Input:

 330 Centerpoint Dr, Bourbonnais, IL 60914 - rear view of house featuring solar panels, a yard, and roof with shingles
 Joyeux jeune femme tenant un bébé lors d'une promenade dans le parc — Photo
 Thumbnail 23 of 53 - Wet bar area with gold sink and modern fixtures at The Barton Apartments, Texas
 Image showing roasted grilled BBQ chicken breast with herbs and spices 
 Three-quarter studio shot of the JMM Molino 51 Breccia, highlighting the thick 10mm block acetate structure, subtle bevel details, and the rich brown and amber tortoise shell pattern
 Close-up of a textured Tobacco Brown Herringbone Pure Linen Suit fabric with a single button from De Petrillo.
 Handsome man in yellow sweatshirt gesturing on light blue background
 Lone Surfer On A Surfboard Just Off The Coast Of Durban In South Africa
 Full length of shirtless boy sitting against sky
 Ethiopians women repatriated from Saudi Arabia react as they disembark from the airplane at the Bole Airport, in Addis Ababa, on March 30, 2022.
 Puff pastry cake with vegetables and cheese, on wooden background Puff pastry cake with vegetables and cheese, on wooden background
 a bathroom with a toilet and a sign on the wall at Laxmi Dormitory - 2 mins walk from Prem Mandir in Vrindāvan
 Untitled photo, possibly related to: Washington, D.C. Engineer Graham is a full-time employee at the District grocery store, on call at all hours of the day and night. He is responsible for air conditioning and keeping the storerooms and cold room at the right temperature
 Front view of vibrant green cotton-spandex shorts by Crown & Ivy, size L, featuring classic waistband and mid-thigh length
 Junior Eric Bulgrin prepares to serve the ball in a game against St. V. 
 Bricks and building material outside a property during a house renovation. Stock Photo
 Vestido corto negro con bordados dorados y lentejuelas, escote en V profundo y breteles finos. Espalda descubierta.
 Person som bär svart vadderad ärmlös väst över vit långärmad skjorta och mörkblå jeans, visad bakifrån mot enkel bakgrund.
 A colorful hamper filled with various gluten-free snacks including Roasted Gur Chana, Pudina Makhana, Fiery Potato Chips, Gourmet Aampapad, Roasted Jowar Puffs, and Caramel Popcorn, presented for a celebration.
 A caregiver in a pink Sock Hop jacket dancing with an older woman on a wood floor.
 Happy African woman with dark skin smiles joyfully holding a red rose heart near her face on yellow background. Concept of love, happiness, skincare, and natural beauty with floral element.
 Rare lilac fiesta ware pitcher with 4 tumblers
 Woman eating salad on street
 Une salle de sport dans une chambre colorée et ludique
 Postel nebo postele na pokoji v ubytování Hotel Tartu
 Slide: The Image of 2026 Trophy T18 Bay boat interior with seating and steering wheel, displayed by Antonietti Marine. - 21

Description of the task:
Would you restate, word for word, every line of the listing from its first line through the line with "Ethiopians women repatriated"?

Task result:
 330 Centerpoint Dr, Bourbonnais, IL 60914 - rear view of house featuring solar panels, a yard, and roof with shingles
 Joyeux jeune femme tenant un bébé lors d'une promenade dans le parc — Photo
 Thumbnail 23 of 53 - Wet bar area with gold sink and modern fixtures at The Barton Apartments, Texas
 Image showing roasted grilled BBQ chicken breast with herbs and spices 
 Three-quarter studio shot of the JMM Molino 51 Breccia, highlighting the thick 10mm block acetate structure, subtle bevel details, and the rich brown and amber tortoise shell pattern
 Close-up of a textured Tobacco Brown Herringbone Pure Linen Suit fabric with a single button from De Petrillo.
 Handsome man in yellow sweatshirt gesturing on light blue background
 Lone Surfer On A Surfboard Just Off The Coast Of Durban In South Africa
 Full length of shirtless boy sitting against sky
 Ethiopians women repatriated from Saudi Arabia react as they disembark from the airplane at the Bole Airport, in Addis Ababa, on March 30, 2022.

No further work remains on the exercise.